**What the task asks**
Everything from the line with "Slow-Melting Transparent Scented Wax" to the last line of the material below is what to reproduce, exactly and with no other lines.

**Information shown**
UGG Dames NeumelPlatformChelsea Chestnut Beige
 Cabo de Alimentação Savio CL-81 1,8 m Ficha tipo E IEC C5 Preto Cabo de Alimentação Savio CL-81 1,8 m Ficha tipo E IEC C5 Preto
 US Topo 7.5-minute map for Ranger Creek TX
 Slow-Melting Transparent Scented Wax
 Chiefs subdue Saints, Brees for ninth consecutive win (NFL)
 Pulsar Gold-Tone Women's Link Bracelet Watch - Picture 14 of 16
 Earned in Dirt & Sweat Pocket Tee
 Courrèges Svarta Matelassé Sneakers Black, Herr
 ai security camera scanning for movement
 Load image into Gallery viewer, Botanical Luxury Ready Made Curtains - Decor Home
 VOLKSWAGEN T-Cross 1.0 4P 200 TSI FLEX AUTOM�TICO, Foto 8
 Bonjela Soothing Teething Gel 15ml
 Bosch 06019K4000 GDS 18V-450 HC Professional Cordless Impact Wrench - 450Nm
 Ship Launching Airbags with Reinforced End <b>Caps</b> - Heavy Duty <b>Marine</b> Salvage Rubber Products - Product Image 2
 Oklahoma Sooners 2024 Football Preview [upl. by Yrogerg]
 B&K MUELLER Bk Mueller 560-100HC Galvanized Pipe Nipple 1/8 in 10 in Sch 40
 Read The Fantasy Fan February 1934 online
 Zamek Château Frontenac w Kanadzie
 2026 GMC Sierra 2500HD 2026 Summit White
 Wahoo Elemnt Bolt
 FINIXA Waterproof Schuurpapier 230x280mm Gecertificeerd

**Your response**
 Slow-Melting Transparent Scented Wax
 Chiefs subdue Saints, Brees for ninth consecutive win (NFL)
 Pulsar Gold-Tone Women's Link Bracelet Watch - Picture 14 of 16
 Earned in Dirt & Sweat Pocket Tee
 Courrèges Svarta Matelassé Sneakers Black, Herr
 ai security camera scanning for movement
 Load image into Gallery viewer, Botanical Luxury Ready Made Curtains - Decor Home
 VOLKSWAGEN T-Cross 1.0 4P 200 TSI FLEX AUTOM�TICO, Foto 8
 Bonjela Soothing Teething Gel 15ml
 Bosch 06019K4000 GDS 18V-450 HC Professional Cordless Impact Wrench - 450Nm
 Ship Launching Airbags with Reinforced End <b>Caps</b> - Heavy Duty <b>Marine</b> Salvage Rubber Products - Product Image 2
 Oklahoma Sooners 2024 Football Preview [upl. by Yrogerg]
 B&K MUELLER Bk Mueller 560-100HC Galvanized Pipe Nipple 1/8 in 10 in Sch 40
 Read The Fantasy Fan February 1934 online
 Zamek Château Frontenac w Kanadzie
 2026 GMC Sierra 2500HD 2026 Summit White
 Wahoo Elemnt Bolt
 FINIXA Waterproof Schuurpapier 230x280mm Gecertificeerd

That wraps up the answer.